Webinar: C++ semantics - 06.11
GTK is a popular open-source framework for creating graphical user interfaces. The project is interesting to check with the PVS-Studio analyzer. Especially since the last time we checked it was about 3 years ago. So, we'll probably find new errors in it.
I would prefer not to repeat the introduction from the previous article: "Finding typos in the GTK 4 project by PVS-Studio". However, I guess that not all of our readers are familiar with GTK. I'll make it short: GTK is a framework that enables you to implement a cross-platform GUI. It's a completely free and open-source framework licensed under the GNU GPL, which allows you to use it in any project (even a commercial one).
gboolean
gtk_builder_value_from_string_type (....)
{
g_set_error (error,
GTK_BUILDER_ERROR,
GTK_BUILDER_ERROR_INVALID_VALUE,
"Object named \"%s\" is of type \"%s\" which is not compatible "
"with expected type \%s\"",
string, G_OBJECT_TYPE_NAME (object), g_type_name (type));
}
The PVS-Studio warning: V1094 The representation of conditional escape sequence '\%' is implementation-defined.

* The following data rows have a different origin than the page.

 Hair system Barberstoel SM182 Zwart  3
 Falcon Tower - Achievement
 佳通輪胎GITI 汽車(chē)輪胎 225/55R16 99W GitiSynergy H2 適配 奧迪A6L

Using this sequence in the string literal can lead to unexpected results. gtkbuilder.c 2674
A typo lurks in the string literal. Developers wanted to use an escape sequence for double quotes:
\"%s\"
But the quote character was left out, and a non-existent control sequence containing a slash and a percent sign appeared:
\%s\"
The way the sequence is processed depends on the compiler.
Value* op_color_number(enum Sass_OP op, ....)
{
double rval = rhs.value();
if ((op == Sass_OP::DIV || op == Sass_OP::DIV) && rval == 0) {
// comparison of Fixnum with Float failed?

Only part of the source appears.